Tüm dosya kapsamına göre; davanın, trafik kazası nedeniyle hasara uğrayan aracın bakiye değer kaybı bedelinin tahsili istemine ilişkin olduğu, meydana gelen trafik kazası neticesinde davacı şirkete ait aracın hasarlandığı, alınan bilirkişi heyeti raporuna göre kazanın meydana gelmesinde dava dışı sigortalı araç sürücüsünün kusurlu olduğu, kaza nedeniyle davacıya ait araçta 14.167,26 TL değer kaybı oluştuğu, davalı zorunlu mali sorumluluk sigorta şirketi tarafından davacıya 19.752,54 TL değer kaybı bedeli ödemesi yapıldığı, dava dışı sigortalı araç sürücüsünün kazaya kusuru ile sebebiyet vermesi sebebiyle bakiye değer kaybı bedeli olan 4.414,72 TLyi davalıdan talep edilebileceği, davanın belirsiz alacak davası olması sebebiyle belirli hale getirme dilekçesine karşı zamanaşımı definin kabul edilemeyeceği anlaşıldığından davanın kabulü ile 4.414,72 TL değer kaybının dava tarihi olan 15/11/2022 tarihinden itibaren işleyecek yasal faiziyle -kazaya karışan araçların hususi araç vasfında olması sebebiyle- davalıdan alınarak davacıya verilmesine karar vermek gerekmiş ve aşağıdaki şekilde hüküm kurulmuştur.

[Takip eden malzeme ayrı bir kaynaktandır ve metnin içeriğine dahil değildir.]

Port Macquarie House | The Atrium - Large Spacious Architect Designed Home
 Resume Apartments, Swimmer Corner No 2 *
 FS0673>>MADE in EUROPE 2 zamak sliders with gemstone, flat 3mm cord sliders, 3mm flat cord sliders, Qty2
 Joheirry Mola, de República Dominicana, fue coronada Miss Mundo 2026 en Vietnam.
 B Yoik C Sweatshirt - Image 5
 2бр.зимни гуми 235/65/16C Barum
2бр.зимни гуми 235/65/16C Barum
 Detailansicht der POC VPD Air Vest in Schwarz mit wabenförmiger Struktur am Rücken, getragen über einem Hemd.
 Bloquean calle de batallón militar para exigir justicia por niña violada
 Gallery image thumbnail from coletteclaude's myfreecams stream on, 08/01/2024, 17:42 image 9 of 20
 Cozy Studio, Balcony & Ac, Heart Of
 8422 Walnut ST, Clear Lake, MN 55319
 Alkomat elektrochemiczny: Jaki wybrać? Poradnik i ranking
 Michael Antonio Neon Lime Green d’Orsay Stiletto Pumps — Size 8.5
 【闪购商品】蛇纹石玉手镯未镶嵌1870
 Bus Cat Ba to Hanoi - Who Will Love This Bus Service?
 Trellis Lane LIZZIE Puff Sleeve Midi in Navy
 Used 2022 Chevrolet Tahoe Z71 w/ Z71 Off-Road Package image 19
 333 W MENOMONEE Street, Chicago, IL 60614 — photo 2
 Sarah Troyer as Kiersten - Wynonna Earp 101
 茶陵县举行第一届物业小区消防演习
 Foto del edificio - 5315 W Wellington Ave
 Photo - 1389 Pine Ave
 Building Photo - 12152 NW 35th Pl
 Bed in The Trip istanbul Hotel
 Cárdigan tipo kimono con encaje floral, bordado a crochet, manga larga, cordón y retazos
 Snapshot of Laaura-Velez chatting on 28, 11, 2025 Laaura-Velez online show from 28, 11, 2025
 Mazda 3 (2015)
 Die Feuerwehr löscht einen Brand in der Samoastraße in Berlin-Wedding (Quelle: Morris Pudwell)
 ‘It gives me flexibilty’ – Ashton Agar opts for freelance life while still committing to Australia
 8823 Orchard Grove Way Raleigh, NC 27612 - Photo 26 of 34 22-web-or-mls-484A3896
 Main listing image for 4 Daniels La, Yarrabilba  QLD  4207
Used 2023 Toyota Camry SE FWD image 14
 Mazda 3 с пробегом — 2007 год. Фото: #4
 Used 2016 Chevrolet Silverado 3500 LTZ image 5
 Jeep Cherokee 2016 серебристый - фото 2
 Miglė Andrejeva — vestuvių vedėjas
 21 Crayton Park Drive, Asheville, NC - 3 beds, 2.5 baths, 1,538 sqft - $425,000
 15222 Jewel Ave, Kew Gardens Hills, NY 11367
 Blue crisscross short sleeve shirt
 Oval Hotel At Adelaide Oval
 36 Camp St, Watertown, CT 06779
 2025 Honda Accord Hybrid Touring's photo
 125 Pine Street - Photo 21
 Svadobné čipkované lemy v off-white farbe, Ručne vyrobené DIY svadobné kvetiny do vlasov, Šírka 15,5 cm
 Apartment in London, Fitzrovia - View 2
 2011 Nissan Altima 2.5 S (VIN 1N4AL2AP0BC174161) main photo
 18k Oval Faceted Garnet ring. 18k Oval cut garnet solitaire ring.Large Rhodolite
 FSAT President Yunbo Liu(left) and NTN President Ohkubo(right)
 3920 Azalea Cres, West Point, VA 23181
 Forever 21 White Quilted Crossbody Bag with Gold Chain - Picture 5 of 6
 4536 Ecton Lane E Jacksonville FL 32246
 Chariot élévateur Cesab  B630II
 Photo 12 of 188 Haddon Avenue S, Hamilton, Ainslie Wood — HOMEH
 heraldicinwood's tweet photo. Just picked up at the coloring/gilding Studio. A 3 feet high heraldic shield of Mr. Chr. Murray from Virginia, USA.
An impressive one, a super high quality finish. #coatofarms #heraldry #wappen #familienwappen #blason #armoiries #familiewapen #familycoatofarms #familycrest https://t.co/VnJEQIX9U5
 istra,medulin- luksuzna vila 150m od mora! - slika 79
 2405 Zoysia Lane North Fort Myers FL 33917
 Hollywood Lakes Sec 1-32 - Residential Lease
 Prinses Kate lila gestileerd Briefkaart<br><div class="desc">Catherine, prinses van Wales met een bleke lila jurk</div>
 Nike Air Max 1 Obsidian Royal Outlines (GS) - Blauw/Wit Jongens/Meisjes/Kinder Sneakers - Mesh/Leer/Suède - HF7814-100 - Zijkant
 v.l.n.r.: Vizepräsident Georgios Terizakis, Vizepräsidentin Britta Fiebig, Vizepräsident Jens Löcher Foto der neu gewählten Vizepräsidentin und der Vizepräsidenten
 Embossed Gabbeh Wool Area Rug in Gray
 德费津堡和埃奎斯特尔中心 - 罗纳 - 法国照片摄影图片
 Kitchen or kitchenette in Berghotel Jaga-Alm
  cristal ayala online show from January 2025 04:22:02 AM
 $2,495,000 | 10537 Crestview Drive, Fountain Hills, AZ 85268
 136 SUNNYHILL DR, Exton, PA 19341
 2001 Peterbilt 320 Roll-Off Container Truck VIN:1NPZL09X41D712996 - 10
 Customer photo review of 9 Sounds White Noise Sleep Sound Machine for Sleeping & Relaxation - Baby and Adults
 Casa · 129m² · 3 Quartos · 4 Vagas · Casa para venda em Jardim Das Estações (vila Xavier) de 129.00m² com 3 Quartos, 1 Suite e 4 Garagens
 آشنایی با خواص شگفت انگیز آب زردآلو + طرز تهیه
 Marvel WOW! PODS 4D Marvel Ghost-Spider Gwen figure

HÜKÜM: Gerekçesi yukarıda açıklandığı üzere:
1-Davanın KABULÜ ile,
4.414,72 TL değer kaybının dava tarihi olan 15/11/2022 tarihinden itibaren işleyecek yasal faizi ile davalıdan alınarak davacıya verilmesine,
2-Alınması gereken 301,57 TL harcın davanın başında alınan 80,70 TL harç ile 74,00 TL tamamlama harcından mahsubu ile bakiye kalan 146,87 TL harcın davalıdan alınarak Hazineye irat kaydına,
3-Davacı tarafça yapılan müzekkere gideri 28,00 TL, 6 adet e tebligat gideri 57,00 TL, kep gideri 4,25 TL, dosya masrafı 9,00 TL, makine mühendisi bilirkişi ücreti 1.500 TL olmak üzere toplam 1.598,25 TL yargılama giderinin davalıdan alınarak davacıya verilmesine,
4-Davacı yargılama sırasında kendini vekille temsil ettirdiğinden hüküm tarihinde yürürlükte bulunan A.A.Ü.T. Uyarınca 4.414,72 TL avukatlık ücretinin davalıdan alınarak davacıya verilmesine,
5-6325 Sayılı Yasa’ nın 18/A maddesinin 11 ve 13. Fıkraları uyarınca zorunlu arabuluculuk nedeniyle arabulucuya hazine tarafından ödenen 3.120 TL’nin davalıdan alınarak hazineye irat kaydına,
6-Davacı tarafça yatırılan avanstan kullanılan kısmın mahsubu ile bakiye kısmın karar kesin olduğundan davacı tarafa iadesine,
7-Davacı tarafça yatırılan başvurma harcı 80,70 TL, peşin maktu harç 80,70 TL,tamamlama harcı 74,00 TL olmak üzere toplam 235,40 TL harç giderinin davalıdan alınarak davacıya verilmesine,
Dair, davacı vekilinin yüzüne karşı, diğerlerinin yokluğunda, miktar itibari ile kesin olmak üzere karar verildi.